Originally published in MBA NewsLink // March 21, 2019
It’s no secret that the housing industry is cyclical. While there are unique forces at work in the current downswing, there is still much that can be learned from previous cycles.
By considering where the industry has been–in both good times and in bad–lenders can glean invaluable lessons on how best to approach the current market, especially when it comes to investments in technology.
As a whole, the industry seems to agree that technology is the best way to drive down the cost to originate and gain much-needed efficiencies. Yet, there never seems to be a “good time” to put in the thought and effort required to realize those benefits.
When business is booming, as was the case in 2005 and 2006, there was simply too much volume to talk about new technology. There were bigger fish to fry. However, when business slows, such as during the dot com bust or the economic crisis, lenders’ heads are in survival mode. Regardless of market conditions, mortgage innovation routinely lags behind and gets pushed back in favor of more immediate concerns.
Though conditions aren’t nearly as dire as they were during the meltdown, the mortgage industry is facing another period of decline that threatens to put some lenders out of business. As such, many small and mid-size lenders are desperately trying to figure out what their next steps are in order to survive. Cost cutting is certainly high on that list, but equally as important is competitive differentiation–how do lenders separate themselves from their competition in this market?
Regulatory requirements and investor overlays have all but rendered loan product differentiation obsolete. Every lender is offering the same loan, with some slight variances on price. These days, the things that truly set lenders apart from their peers are the number of referral relationships they possess and the level of customer service/satisfaction they are able to deliver. As one might guess, technology has a role to play in helping lenders achieve success on both fronts.

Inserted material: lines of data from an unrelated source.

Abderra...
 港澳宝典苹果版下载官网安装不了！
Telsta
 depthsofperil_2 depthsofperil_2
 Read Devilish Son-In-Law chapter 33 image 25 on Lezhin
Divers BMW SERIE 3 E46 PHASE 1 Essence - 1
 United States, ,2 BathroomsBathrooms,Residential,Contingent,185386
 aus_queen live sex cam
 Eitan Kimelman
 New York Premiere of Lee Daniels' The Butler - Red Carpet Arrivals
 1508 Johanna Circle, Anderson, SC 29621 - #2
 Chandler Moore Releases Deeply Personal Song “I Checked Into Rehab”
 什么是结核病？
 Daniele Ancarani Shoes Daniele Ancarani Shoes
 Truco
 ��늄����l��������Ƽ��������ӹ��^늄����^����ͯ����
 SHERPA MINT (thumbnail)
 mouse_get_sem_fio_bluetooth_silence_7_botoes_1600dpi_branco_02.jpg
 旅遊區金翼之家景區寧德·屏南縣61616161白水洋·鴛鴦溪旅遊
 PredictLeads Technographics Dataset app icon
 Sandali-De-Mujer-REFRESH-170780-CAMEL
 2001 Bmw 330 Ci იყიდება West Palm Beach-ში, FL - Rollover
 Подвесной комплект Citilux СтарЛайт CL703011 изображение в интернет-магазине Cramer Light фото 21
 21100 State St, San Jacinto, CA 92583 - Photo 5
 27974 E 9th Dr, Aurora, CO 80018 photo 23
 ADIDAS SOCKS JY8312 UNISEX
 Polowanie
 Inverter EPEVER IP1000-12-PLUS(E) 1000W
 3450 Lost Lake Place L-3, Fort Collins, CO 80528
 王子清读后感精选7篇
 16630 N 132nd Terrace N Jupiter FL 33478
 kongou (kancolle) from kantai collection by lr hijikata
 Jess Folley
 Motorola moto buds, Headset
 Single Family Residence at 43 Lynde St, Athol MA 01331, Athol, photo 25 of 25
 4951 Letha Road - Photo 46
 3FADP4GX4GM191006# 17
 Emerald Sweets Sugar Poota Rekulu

As a lender in a purchase market, establishing relationships with real estate agents and home builders is key, as these two groups can hold tremendous influence with homebuyers in the selection of a mortgage lender. Furthermore, top producing agents and builders are always looking for an edge, and any lender that can deliver that edge–whether it’s faster turn times, seamless, error-free closings or a phenomenal customer experience–will reap the benefits of referral business from those sources.
Of course, lenders will only benefit if they can, in fact, deliver these types of benefits to their referral partners’ clients. Enter technology, or, more specifically, enter remote online closings (ROC).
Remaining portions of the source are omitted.